2026-03-15's Agent Roster
The agents from the org-chart post were made off-the-cuff. 16 agents, too ambitious, didn't have the infrastructure to support them. I deleted most and got down to 7. This time: I had Claude load the deep research synthesis, I extracted the best practices that applied, and I updated the agent definitions with specific, traceable changes.

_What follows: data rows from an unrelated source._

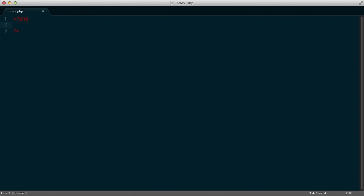Now, let's take a look at how we define a class. To create a class, you use the PHP keyword class, followed by a camel-cased class name, then open and close curly braces, and anything inside will contain your class definitions. Anything that needs to be part of the product class will happen between those braces.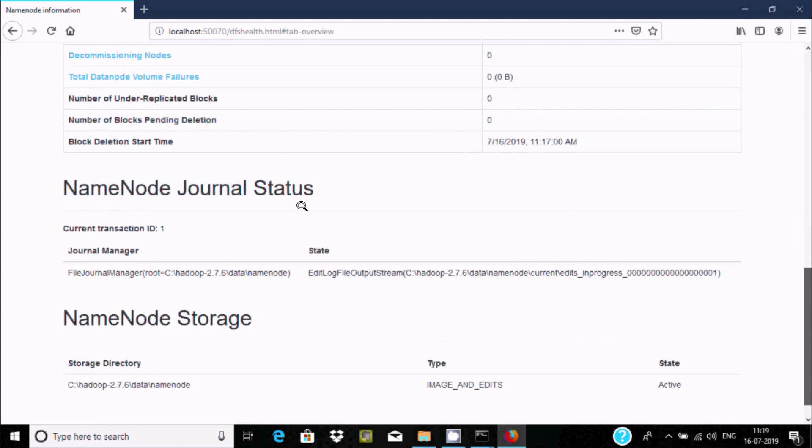This is the way we can download and install Hadoop on Windows 10 operating system. I hope this video is helpful for you. Thanks for watching, see you in the next video. Thank you.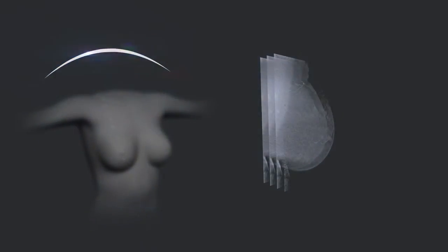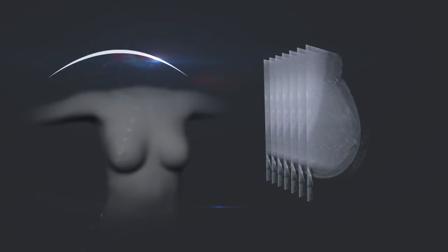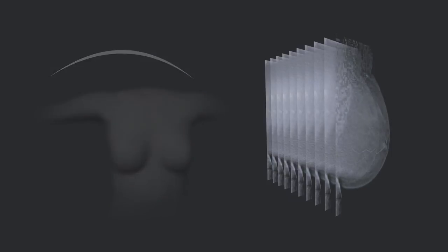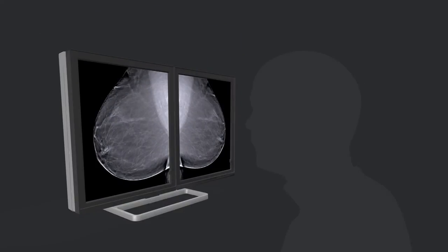3D imaging modalities take images of a breast from multiple angles. When viewing tomosynthesis breast images, radiologists browse through a stack of thin image slices in video or cine loop.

| Agent | Model | Role & Applied Research |
|---|---|---|
| Publisher | Opus | Content pipeline orchestration, writing. Delegation specs, trigger phrase. |
| Analyst | Opus | Research ingestion, system improvements. Trigger phrase. |
| Synthesizer | Opus | Compare/contrast Deep Research reports. No changes needed. |
| Researcher | Sonnet | Sourced facts, research briefs. Start wide, then narrow search strategy, trigger phrase. |
| Reviewer | Opus | Style, substance, sourcing. Context isolation from producer. |
| QA | Sonnet | Build, render, links via Playwright. Trigger phrase. |
| Security Auditor | Opus | OWASP LLM Top 10, confidential data. Added LLM05 check. |
Delegation hierarchy (Mermaid flowchart):
graph TD
Claude["Vanilla Claude"]
Publisher["Publisher (Opus)"]
Analyst["Analyst (Opus)"]
Synthesizer["Synthesizer (Opus)"]
Researcher["Researcher (Sonnet)"]
Reviewer["Reviewer (Opus)"]
QA["QA (Sonnet)"]
Security["Security Auditor (Opus)"]
Claude --> Publisher
Claude --> Analyst
Claude --> Synthesizer
Claude --> Researcher
Claude --> Reviewer
Claude --> QA
Claude --> Security
Publisher --> Researcher
Publisher --> Reviewer
Publisher --> QA
Publisher --> Security
Three report directly to me (Publisher, Analyst, Synthesizer). Four are subagents under Publisher. Model routing follows the research: Opus for judgment calls (review, security, editorial, synthesis), Sonnet for mechanical work (research, QA).
Calling the agents
Three ways to use them:
Vanilla Claude auto-delegates. Each agent definition has a
description field that Claude reads when deciding whether to
spawn a subagent. The trigger phrases ("MUST BE USED when
writing blog posts", "MUST BE USED when gathering facts") tell
Claude when to invoke each one. If I ask vanilla Claude to
write a blog post, it sees the Publisher's description and
delegates. It can also run multiple subagents in parallel
when the tasks are independent.
CLAUDE.md tells Claude what's available. The project's
CLAUDE.md includes a section listing all 7 agents with their
roles and invocation commands. This gives vanilla Claude the
full picture of what agents exist without having to discover
them from the file system.
claude --agent publisher for the full pipeline. This
starts Claude with the Publisher's system prompt as the main
thread. Publisher then orchestrates the entire content
pipeline: research, substance gate, write, review, QA,
security audit. It spawns each subagent natively using Claude
Code's Agent tool, not CLI calls. Independent stages (QA and
security audit) run in parallel. This is the heavy path for
writing a full post from scratch.
Claude Code enforces a single-level subagent hierarchy. Publisher can spawn subagents, but those subagents can't spawn their own. If Reviewer needs research, it doesn't call Researcher. It reports back to Publisher, which decides what to do next.